The Ship on the Green pub in Stepney, east London, survived the second world war bombing that destroyed an adjoining Georgian terrace, but lost its upper storey. The remaining parts of the early nineteenth-century building were patched up and continued to serve as a pub until it was sold to an artist in the 1990s for use as a home. Martin Edwards Architects was recently commissioned to add a second-floor studio, restoring the building to its original height.
“The new studio has been formed as a single open space occupying the full footprint of the main house, using a highly insulated timber framed construction, to reduce the imposed loads on the original structure and improve thermal performance”, explains the architect.
A number of roof form and daylighting studies were undertaken during the initial design stage. The resulting double pitch roof is aligned east-west with a large central northlight. The external walls rise to a parapet, and the hidden roof geometry defines a small void within the rear elevation. Large sliding glass doors lead to a small enclosed terrace with an an opening in the corner, “positioned to offer privacy whilst partially revealing the subtracted space”, says the architect. New casement windows to the principal elevation are aligned with those on the first floor (which are newly made, based on photographs of those in the original building).
The building with new upper storey and before it was damaged by wartime bombing; roof form studies and drawings.
The new storey is faced in thermally modified, UK-grown ash boarding with a charred and oiled finish. “The charring alludes to past events during the life of the building, and has a substantial appearance that compliments the brick and rendered masonry of the lower floors”, explains the architect. A diagonal copper rainwater pipe on the side elevation echoes the position of one on the original building.
An existing rear wing at ground floor has been extended to create a new guest bedroom, sitting room and bathroom within a walled courtyard. The extension is built in a salvaged stock brick to match an earlier addition. Existing glazed timber doors and slate flagstones were reused in new locations.

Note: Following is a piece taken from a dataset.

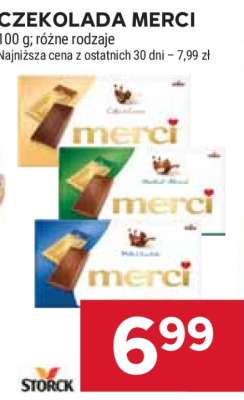 Czekolada Merci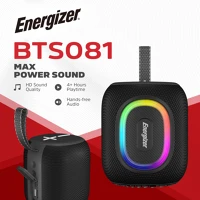 Energizer BTS081 8W-os kompakt bluetooth hangszóró, TWS, FM-rádió, USB/SD lejátszás kép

Internally the timber roof structure of the new studio is exposed, with a single steel beam supporting the roof valley. A chain hoist is suspended from the beam to lift materials though new trap doors from ground level. The studio floor is formed from re-laid timber roofing boards that were found below layers of previous roof finishes as work progressed. A new mill finish steel plate stair rises to the studio from the remodelled circulation space at first floor.